On Mon, Aug 25, 2014 at 9:54 AM, Nick Kledzik <kledzik at apple.com> wrote:

>
> On Aug 25, 2014, at 8:26 AM, Rafael Espíndola <rafael.espindola at gmail.com>
> wrote:
>
> > On 21 August 2014 19:32, Akira Hatanaka <ahatanak at gmail.com> wrote:
> >> Is there a way to distinguish between GlobalValues that are
> user-defined and
> >> those that are compiler-defined? I am looking for a function that I can
> use
> >> to tell if a GlobalValue is user-defined , something like
> >> "GlobalValue::isUserDefined", which returns true for user-defined
> >> GlobalValue.
> >>
> >> I'm trying to make changes to prevent llvm from placing user-defined
> >> constant arrays in the merge able constant sections.
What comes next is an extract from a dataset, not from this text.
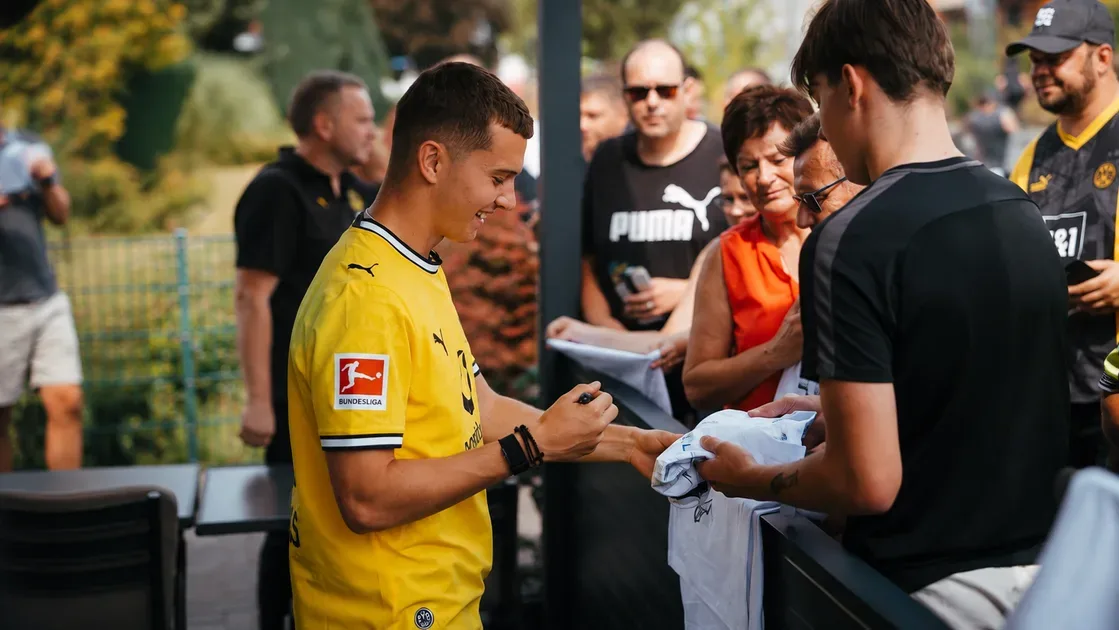 Karetsas Langsung Dekat dengan Fans Dortmund: Mampir ke Restoran Gyros Usai Teken Kontrak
Currently, clang
> places
> >> 16-byte constant arrays that are marked "unnamed_addr" into __literal16
> for
> >> macho (see following example).
> >>
> >> $ cat test1.c
> >>
> >> static const int s_dashArraysSize1[4] = {2, 2, 4, 6};
> >>
> >>
> >> int foo1(int a) {
> >>
> >>  return s_dashArraysSize1[a];
> >>
> >> }
> >>
> >>
> >> $ clang test1.c -S -O3 -o - | tail -n 10
> >>
> >> .section __TEXT,__literal16,16byte_literals
> >>
> >> .align 4                       ## @s_dashArraysSize1
> >>
> >> _s_dashArraysSize1:
> >>
> >> .long 2                       ## 0x2
> >>
> >> .long 2                       ## 0x2
> >>
> >> .long 4                       ## 0x4
> >>
> >> .long 6                       ## 0x6
> >>
> >>
> >>
> >> This is not desirable because macho linker wasn't originally designed to
> >> handle user-defined symbols in those sections and having to handle them
> >> complicates the linker. Also, there is no benefit in doing so, since the
> >> linker currently doesn't try to merge user-defined variables anyway.
> >
> > What does "user-defined" means in here? Since the linker can is
> > involved, I assume it has something to do with the final symbol name.
> >
> > At the linker level (symbol names, sections, atoms, relocations, etc),
> > what exactly that is not supported?
>
>
> The literalN sections were developed long ago to support coalescing of
> unnamed constants like 9.897 in source code for architectures that could
> not embed large constants in instructions.  The linker could knew how to
> break up the section (e.g. __literal8 is always 8 byte chunks) and coalesce
> copies by content.
>
> ~6 years ago we discovered that gcc would sometimes put user named
> constants into the literal sections (e.g. const double foo 9.897).  This
> was an issue because C language rules say &a != &b, but if ‘a’ and ‘b’ are
> the contain the same literal value from different translation units, the
> linker could merge them to the same address.  For whatever reason, we could
> not fix gcc, so we changed to linker to never coalesce items in literal
> sections if there was a (non ‘L’ and non ‘l’) symbol on it.
>
> The current state of LLVM is that is it going out of its way to move
> “named” constants from __const section to __literalN section. But the only
> possible advantage to doing that is that the hopes that the linker might
> coalesce it.  But the linker won’t coalesce it because it is named.  So, is
> there a way to keep the named values in the __const section?
>

I believe the following patch would be the minimal needed to do this, there
is some dead code that could be removed as well.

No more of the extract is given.